分析
设最后得到的序列为 $\{b\}$,可以发现答案为
$$
\prod_{i = 1}^n a_i - \prod_{i = 1}^n b_i
$$
前面的容易计算,考虑计算后面的期望值。不妨将其乘上 $n ^ k$,变为计算所有方案的和。
可以想到使用 EGF 来求解。设
$$
F_i(x) = \sum_{j \geq 0} (a_i - j) x^j = (a_i - x) e^x
$$
则所有方案的 $\prod b_i$ 的和为
$$
k! [x^k] \prod_{i = 1}^n F_i(x) = k! [x^k] e^{nx} \prod_{i = 1}^n (a_i - x)
$$
求出 $\prod(a_i - x)$,然后枚举其次数计算即可。
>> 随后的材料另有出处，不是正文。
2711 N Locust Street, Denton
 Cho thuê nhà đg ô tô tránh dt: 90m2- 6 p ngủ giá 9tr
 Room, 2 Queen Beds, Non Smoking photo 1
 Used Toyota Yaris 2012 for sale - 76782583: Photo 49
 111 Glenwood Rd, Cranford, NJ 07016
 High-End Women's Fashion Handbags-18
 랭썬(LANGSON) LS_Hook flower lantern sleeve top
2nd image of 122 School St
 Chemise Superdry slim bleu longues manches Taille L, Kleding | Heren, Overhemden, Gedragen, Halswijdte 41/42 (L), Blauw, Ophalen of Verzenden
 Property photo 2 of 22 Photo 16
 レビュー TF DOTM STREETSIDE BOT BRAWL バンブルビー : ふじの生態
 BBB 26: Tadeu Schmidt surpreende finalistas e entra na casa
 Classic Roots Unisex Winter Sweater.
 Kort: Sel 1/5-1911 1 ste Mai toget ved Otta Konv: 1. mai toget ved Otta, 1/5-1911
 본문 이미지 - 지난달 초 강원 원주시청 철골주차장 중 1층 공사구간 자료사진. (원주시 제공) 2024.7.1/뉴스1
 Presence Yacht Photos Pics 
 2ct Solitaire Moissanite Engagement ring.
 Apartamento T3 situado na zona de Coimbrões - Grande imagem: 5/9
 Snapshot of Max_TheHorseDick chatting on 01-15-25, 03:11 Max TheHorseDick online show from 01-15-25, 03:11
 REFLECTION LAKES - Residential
时间复杂度 $\mathcal{O}(n \log^2 n)$ 甚至 $\mathcal{O}(n^2)$。
代码
// ====================================
// author: M_sea
// website: https://m-sea-blog.com/
// ====================================
#include <bits/stdc++.h>
#define file(x) freopen(#x".in", "r", stdin), freopen(#x".out", "w", stdout)
#define debug(...) fprintf(stderr, __VA_ARGS__)
using namespace std;
typedef long long ll;
int read() {
int X = 0, w = 1; char c = getchar();
while (c < '0' || c > '9') { if (c == '-') w = -1; c = getchar(); }
while (c >= '0' && c <= '9') X = X * 10 + c - '0', c = getchar();
return X * w;
}
const int N = 5000 + 10;
const int mod = 1e9 + 7;
int qpow(int a, int b) {
int c = 1;
for (; b; b >>= 1, a = 1ll * a * a % mod)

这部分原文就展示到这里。